Five minutes. What is she wearing? Any distinguishing features? She has a T-shirt with flamingos on it. She has plaits. She will do anything for an ice-cream. She likes climbing and jumping. It’s one of her ambitions to be able to do a hand stand. She likes home-made vegetable soup but doesn’t like marshmallows. She sings Tomorrow from Annie on demand. She sometimes deliberately sings the wrong words. “Next week. Next week. I love ya, next Friday,” that kind of thing. What else? She is the most beautiful girl in the world. Obviously. She is somewhere that is not here.

Seven minutes. I tell the man in an ambulance that my child is missing and he tells me kindly that he already knows. “Don’t worry we’ll find him.”

“Him? She’s a girl!” I say.

“Yes. I meant her,” he tries but I have moved on. Anyway, I know she is okay. I know we will find her. But I hope she’s not traumatised when we do. I think about the time I got lost on a mountain a few years ago with three other adults. One of them had an anxiety attack because of the time he got lost as a child. The long-buried trauma came back and he collapsed, a better word is crumpled, under the terrifying weight of the memory. But I will find her. She will not be traumatised. She’ll be fine. I will not think of April. I will not think of Madeleine. This story is a different story. The ending is not the same.

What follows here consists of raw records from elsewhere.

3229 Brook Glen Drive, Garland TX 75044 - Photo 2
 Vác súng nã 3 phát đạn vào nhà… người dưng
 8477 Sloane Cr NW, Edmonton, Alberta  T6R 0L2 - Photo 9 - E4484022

My phone tells me it’s 10 minutes since she went somewhere I know not where and now the phone is ringing.

“We have her,” says my friend. “She is here.” And I run.

She was sitting under a tree when they found her saying she didn’t know where her Mummy was. She is laughing with her sister a moment later. I hug her and she says that I’m hugging her too tight but she stays squashed in my arms anyway. And yes, I know it was only 10 minutes. And yes, I know I knew I was always going to find her. And yes, I know it happens all the time. Big deal, right?

Right. But I just needed to get those terrible 10 minutes off my chest.